その隙をグラウンドバッシャーは有効に使用する。すなわち、少女に向けて、ミサイルとマシンガンの同時射撃を行った。
少女呆然となる。
が。
「リミットリリース! “城塞兵の護り《ルークガード》”」
叫びと共に盾とアサルトライフルを構えた少年が、少女の前へといきなり姿を現し、彼女への攻撃を受け止めた。
「くぅ、結構強烈だ……」
盾から伝わる衝撃に顔をしかめた少年が、小さく漏らす。
「い、勇……」
その背中に、少女が小さく声をかける。
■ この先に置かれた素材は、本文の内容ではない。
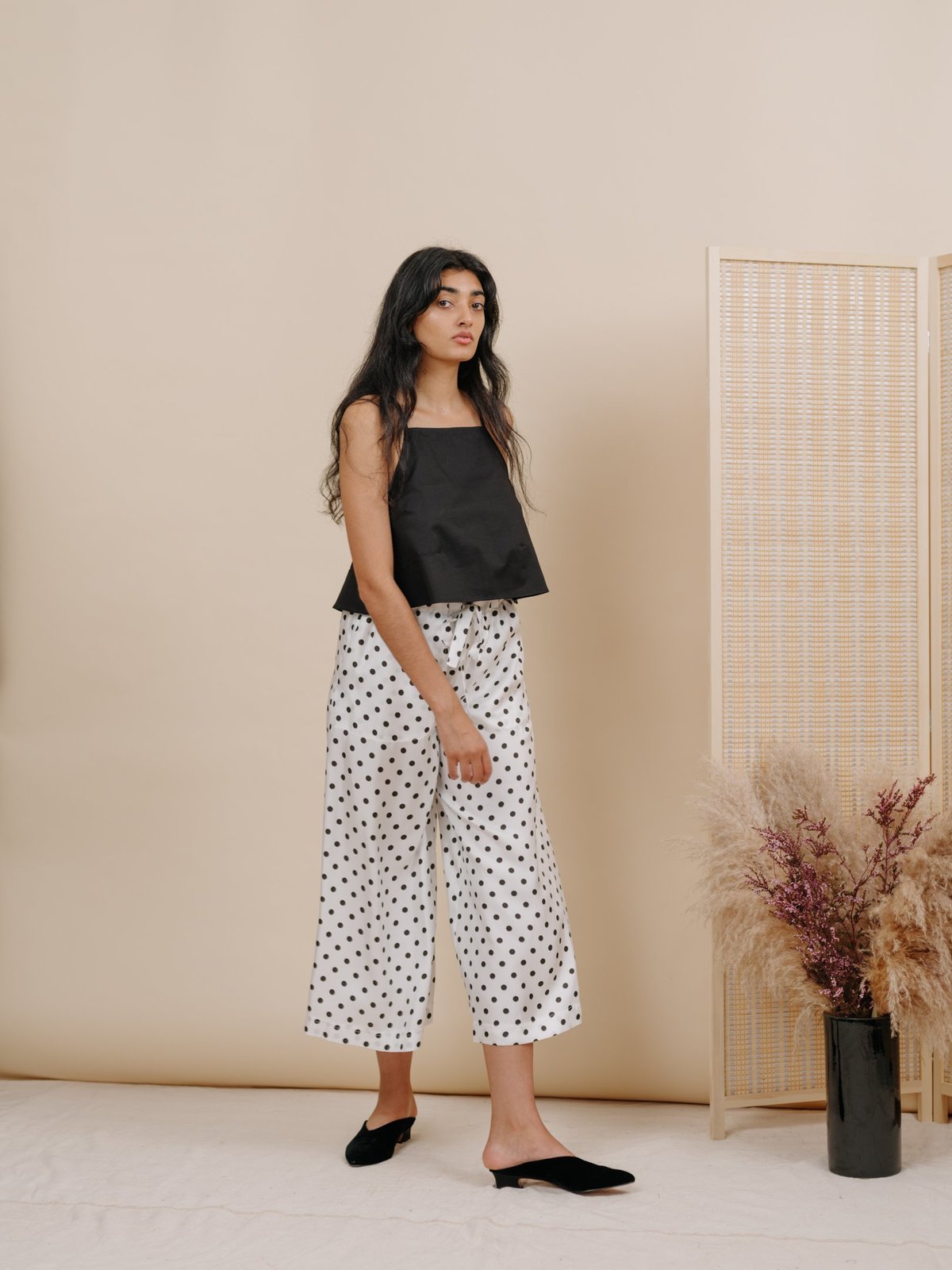 Wolcott : Takemoto Yayoi Pant - White Polka Dot Silk - Image 1 of 5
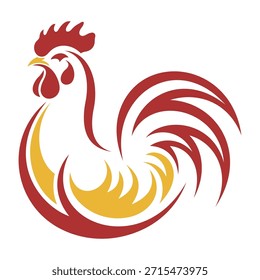 Stilisiertes Hähnchen-Logo mit kräftigen gelben und roten Farben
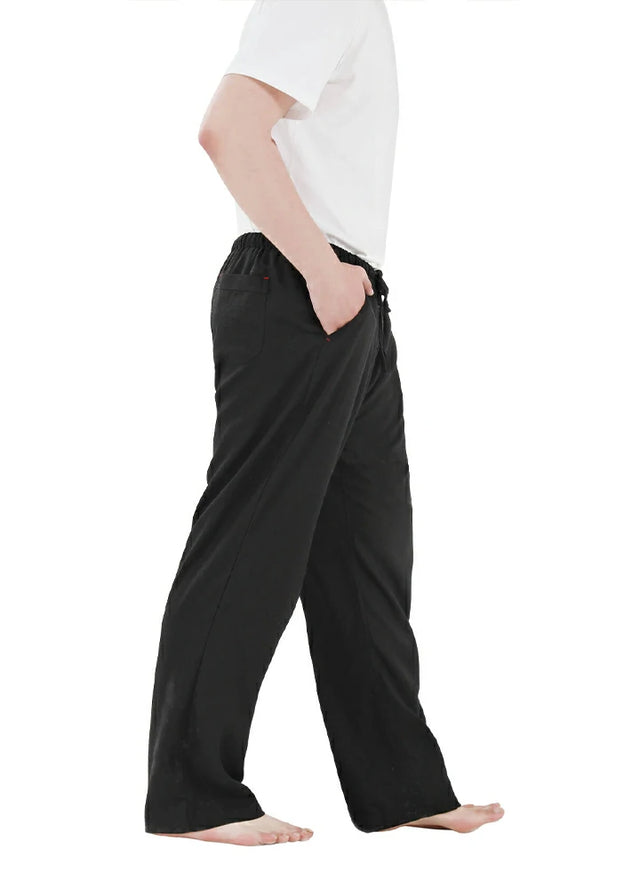 Men’s Linen Blend Pull-On Beach Pants, Relaxed Fit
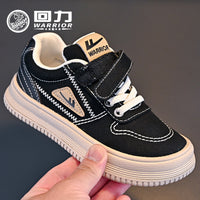 Sapatos vermelhos versáteis de lona, sapatos infantis Warrior, sapatos casuais masculinos e femininos, ténis baixos novos de outono, sapatos infantis de ensino médio a grande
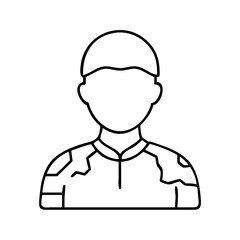 soldier s silhouette icon, soldier s silhouette line art - simple line art of soldier s silhouette, perfect for soldier s silhouette logos and icons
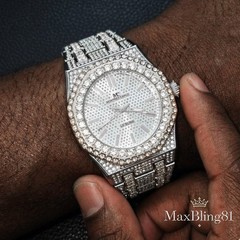 Men’s Metal Watch Luxury Silver Bling Simulated Diamond Hip Hop Style Iced Out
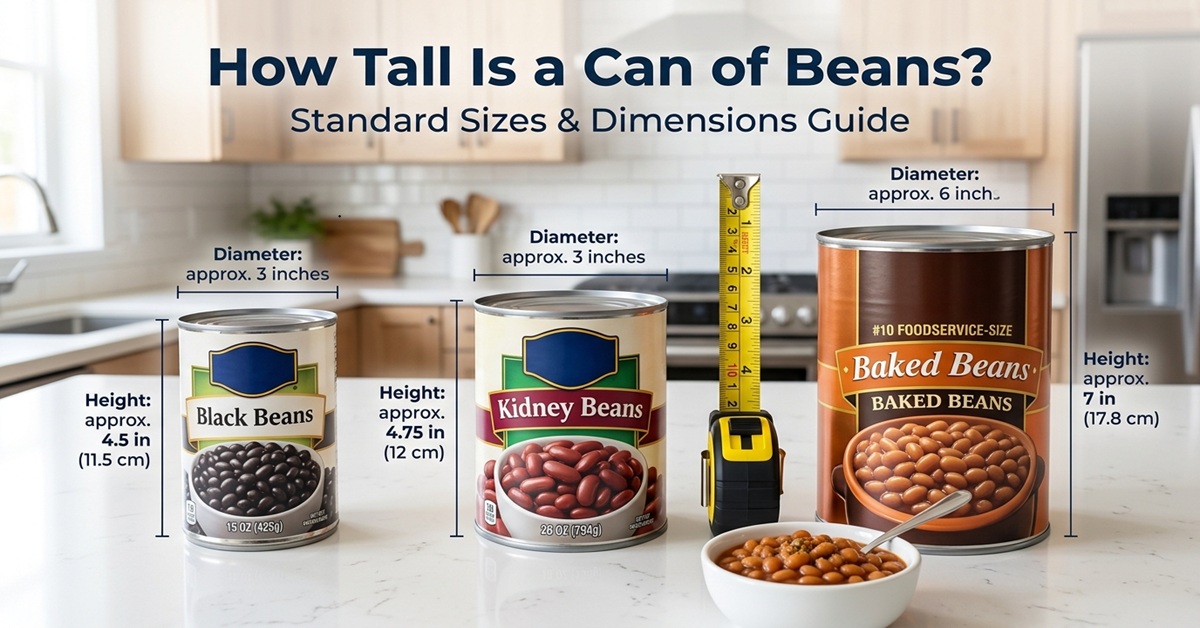 how tall is a can of beans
すると少年、島原 勇が振り向いて優しく微笑んだ。
「大丈夫だった? 優」
その笑顔にショートツインテールの少女、花咲 優は顔を赤らめた。
「う、うんへーき。い……勇が……」
「あっ、まず……」
優が返事を返すより先に、勇の姿が掻き消えた。
彼のタレント“城塞兵の護り《ルークガード》”は、攻撃を受けそうな相手を守るためのタレントだ。半径20メートル以内の護りたい相手の元へと転移して、攻撃を受け止めるのだ。
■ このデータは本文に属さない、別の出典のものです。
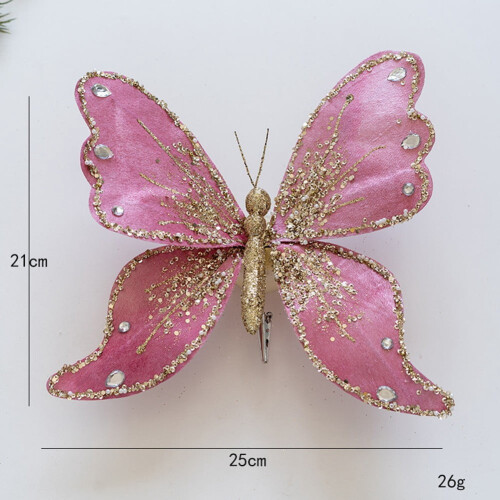 Enfeite de Natal em forma de borboleta com glitter e prendedor, rosa escuro. 1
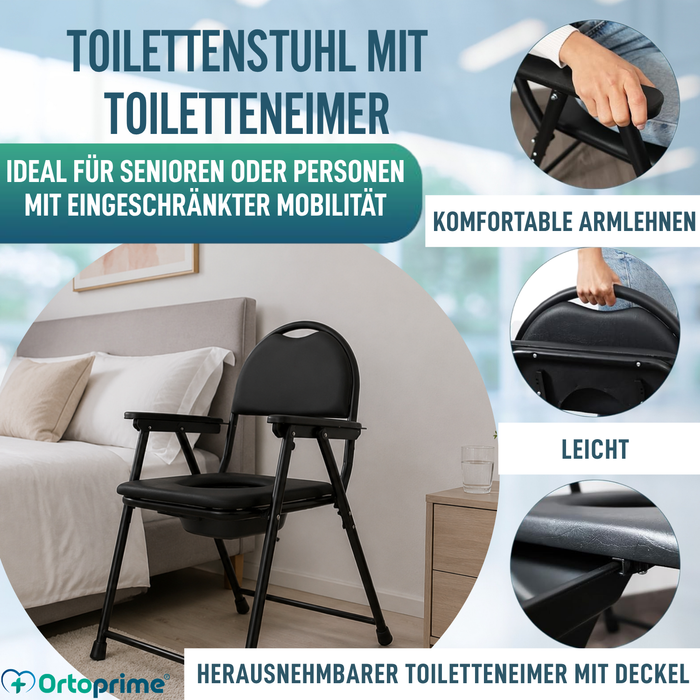Klappbarer WC-Stuhl für Senioren | Tragbarer Toilettenstuhl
その際、防御力が跳ね上がったり、追加効果を打ち消したりできる。
欠点は数秒で元居た位置に強制再転移されてしまうことや、身代わりになれる相手は一度に一人までであること。そして、代わりに受けた攻撃は必ず命中することだ。
そんなわけで勇は元居た位置へと戻ってしまう。
お礼を言いかけた優はあまりのタイミングの悪さに、口を金魚のようにパクパクさせた。
「……ま、まあ勇が私を守るのは当然だしね!」
間の悪さに、悪態を吐いてしまう優。しかし、勇から見えないように振り向いた先では、「やっちゃったぁ~~っ?!」という顔になっていた。今にも頭を抱えて転がり回りそうな勢いだ。だが、向こうから聞こえてきた勇の声に、顔を上げる。
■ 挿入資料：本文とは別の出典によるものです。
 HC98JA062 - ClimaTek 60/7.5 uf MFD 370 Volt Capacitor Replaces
「当たり前じゃないか! 優は僕の……僕の大切な……」
「い、勇……!」
花が咲くように笑顔を咲かせながら振り返る優。その向こうで、勇が朗らかに言い放った。
「大切な……幼馴染みなんだから!」
ピシリ。
と、時が止まった。主に優の。
そして周囲から非難の視線が勇に降り注いだ。